Task to carry out: In the data below, find the line with "1972 Volkswagen Van thumbnail 7" and the line with "Impacts Of Generative", then restate both and every line between them exactly, minus the pictures.
____________
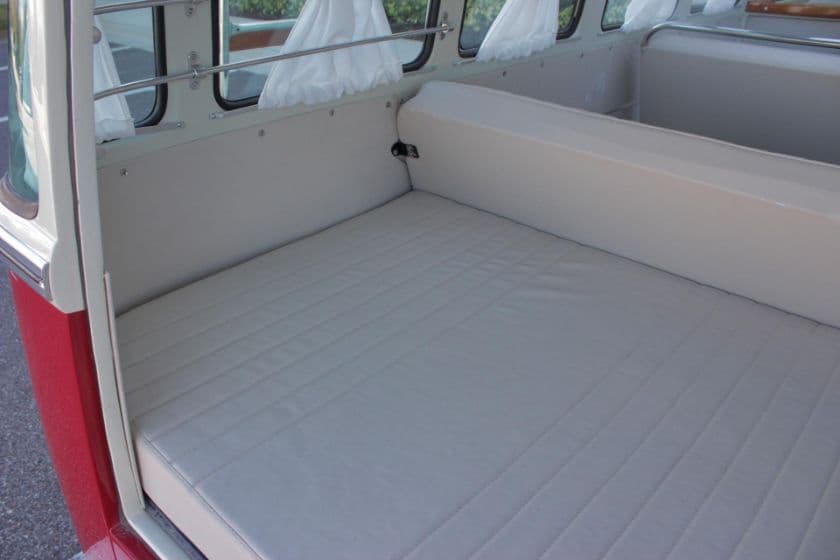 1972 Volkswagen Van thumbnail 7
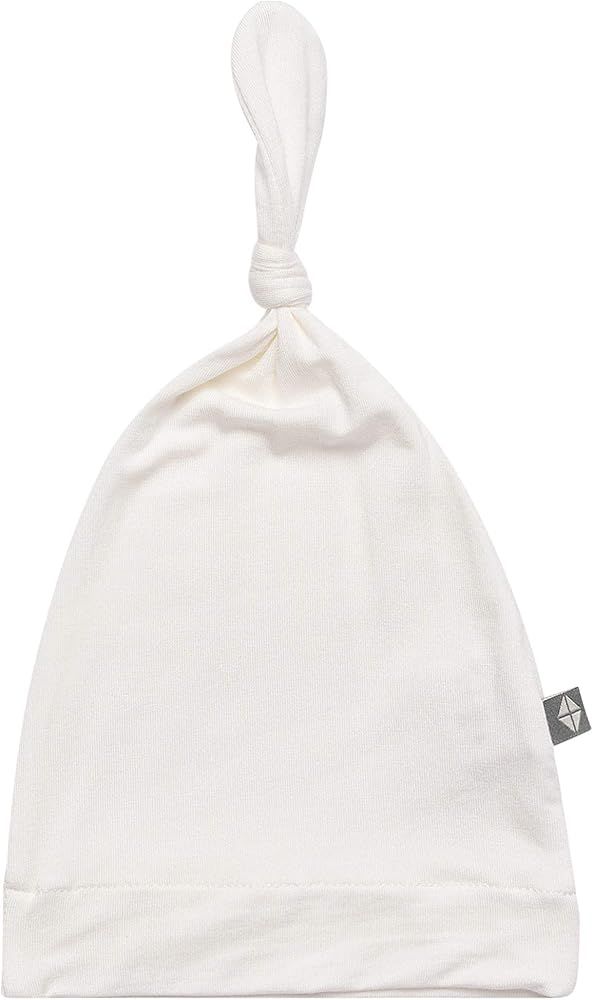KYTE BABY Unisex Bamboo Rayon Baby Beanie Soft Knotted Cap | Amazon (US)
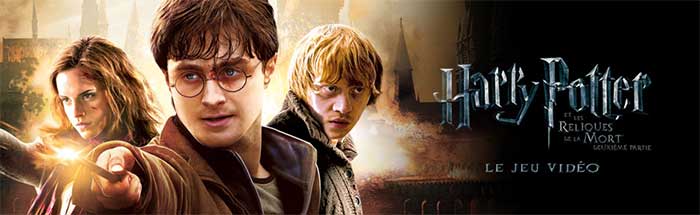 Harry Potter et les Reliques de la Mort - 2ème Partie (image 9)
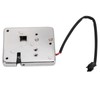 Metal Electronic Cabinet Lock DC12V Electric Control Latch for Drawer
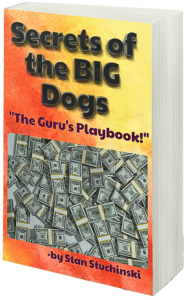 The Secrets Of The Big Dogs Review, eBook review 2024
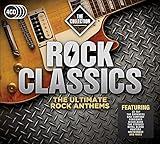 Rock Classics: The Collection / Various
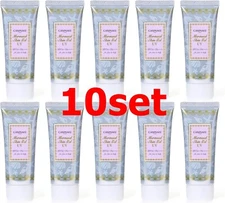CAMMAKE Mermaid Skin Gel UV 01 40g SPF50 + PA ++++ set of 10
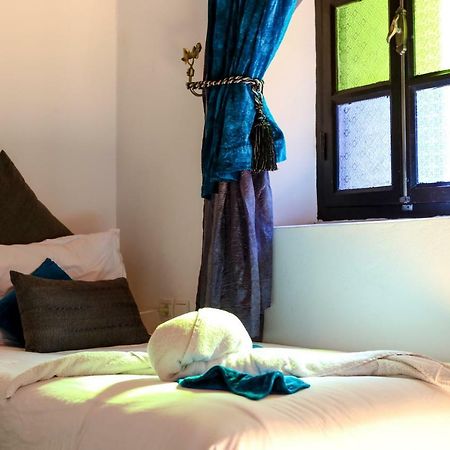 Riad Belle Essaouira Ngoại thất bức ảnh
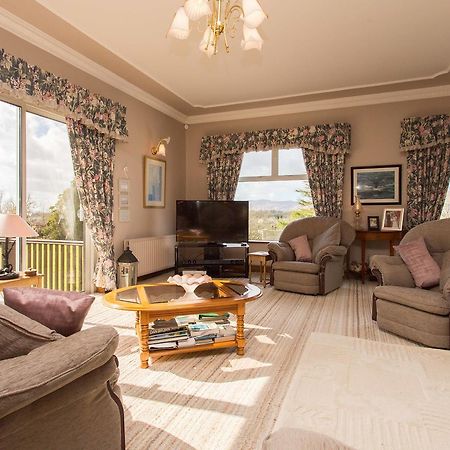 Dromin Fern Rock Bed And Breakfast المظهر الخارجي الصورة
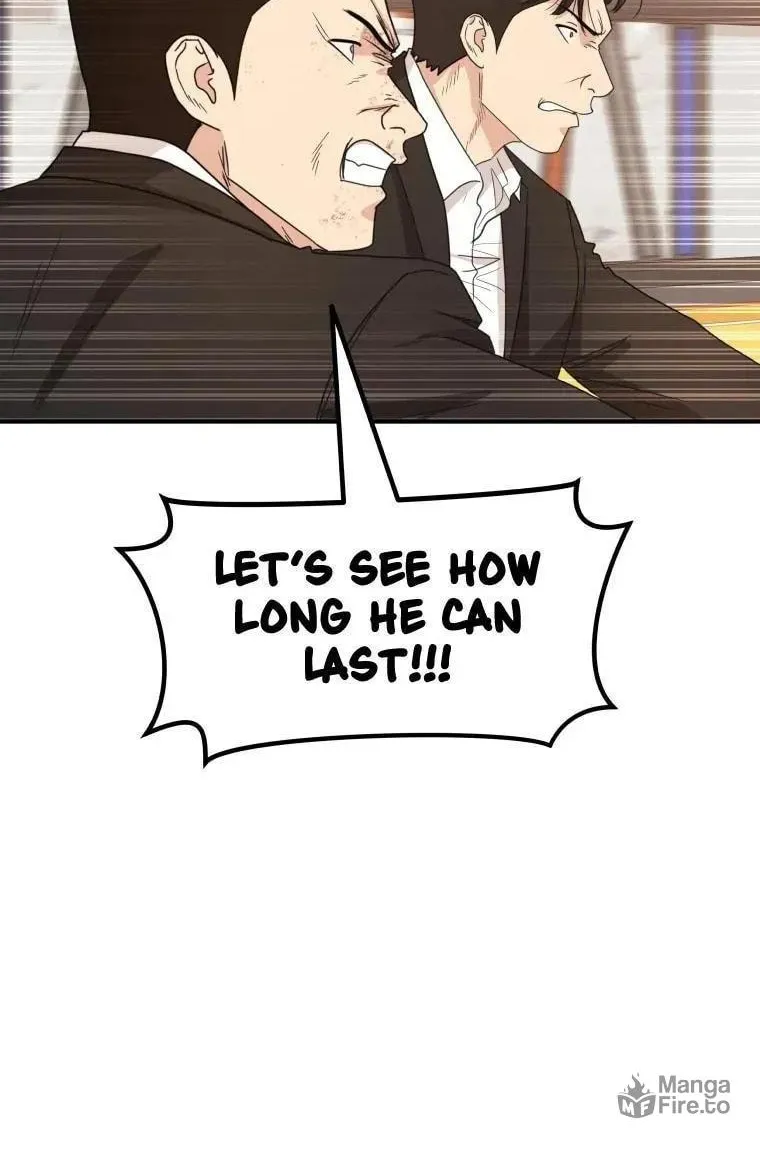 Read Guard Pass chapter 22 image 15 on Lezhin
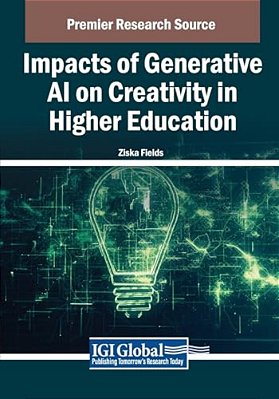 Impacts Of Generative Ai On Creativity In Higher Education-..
____________
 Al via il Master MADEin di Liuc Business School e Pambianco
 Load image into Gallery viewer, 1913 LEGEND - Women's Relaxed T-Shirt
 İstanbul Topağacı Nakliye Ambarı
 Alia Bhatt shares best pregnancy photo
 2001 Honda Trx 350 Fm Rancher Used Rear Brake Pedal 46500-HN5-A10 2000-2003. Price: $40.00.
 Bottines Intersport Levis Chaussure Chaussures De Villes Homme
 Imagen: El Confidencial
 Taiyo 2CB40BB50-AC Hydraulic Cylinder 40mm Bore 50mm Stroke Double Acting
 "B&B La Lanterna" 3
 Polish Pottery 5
____________
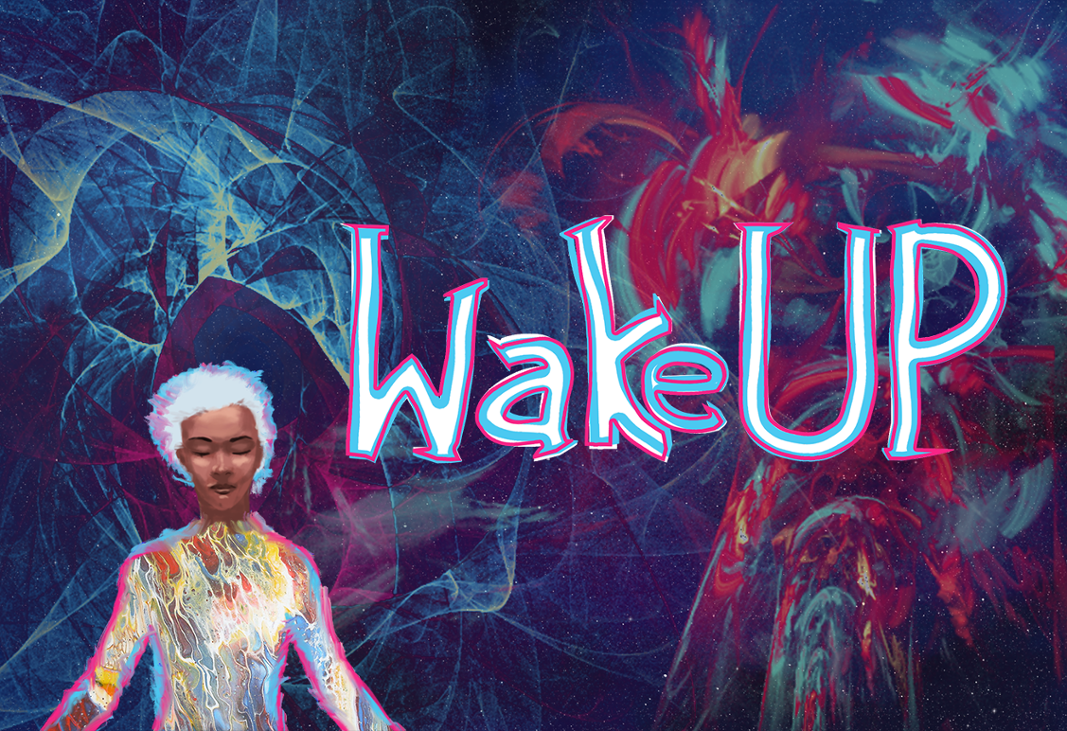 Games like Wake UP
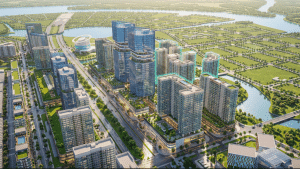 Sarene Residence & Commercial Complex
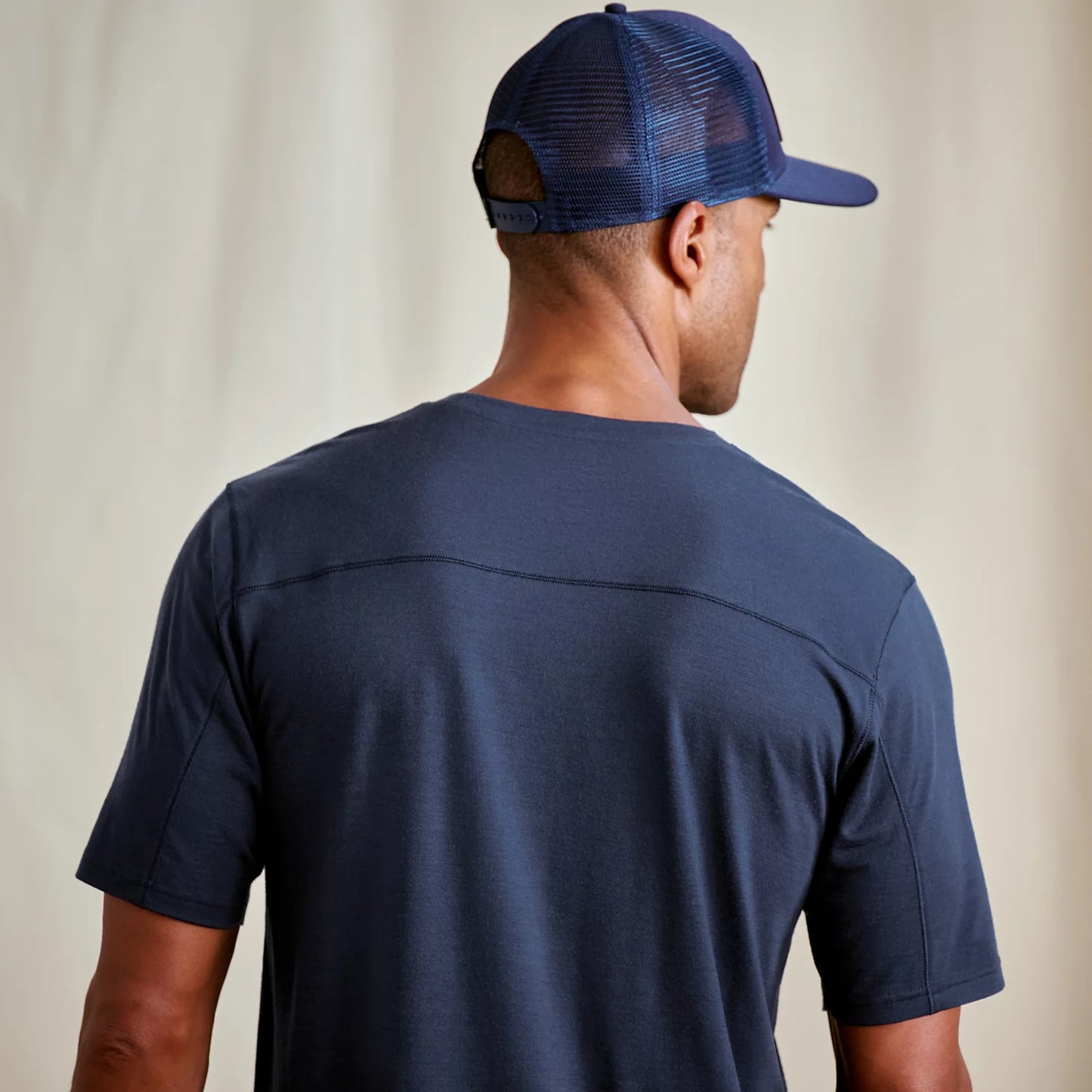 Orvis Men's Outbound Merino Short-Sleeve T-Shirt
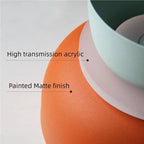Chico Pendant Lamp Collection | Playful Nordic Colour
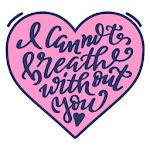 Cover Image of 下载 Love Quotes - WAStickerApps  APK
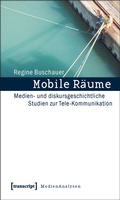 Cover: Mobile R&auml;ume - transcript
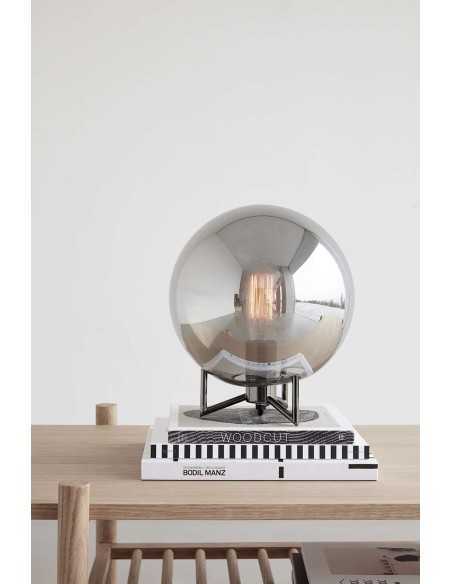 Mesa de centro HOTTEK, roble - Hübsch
____________
Answer space:
 1972 Volkswagen Van thumbnail 7
KYTE BABY Unisex Bamboo Rayon Baby Beanie Soft Knotted Cap | Amazon (US)
 Harry Potter et les Reliques de la Mort - 2ème Partie (image 9)
 Metal Electronic Cabinet Lock DC12V Electric Control Latch for Drawer
 The Secrets Of The Big Dogs Review, eBook review 2024
 Rock Classics: The Collection / Various
CAMMAKE Mermaid Skin Gel UV 01 40g SPF50 + PA ++++ set of 10
 Riad Belle Essaouira Ngoại thất bức ảnh
 Dromin Fern Rock Bed And Breakfast المظهر الخارجي الصورة
 Read Guard Pass chapter 22 image 15 on Lezhin
 Impacts Of Generative Ai On Creativity In Higher Education-..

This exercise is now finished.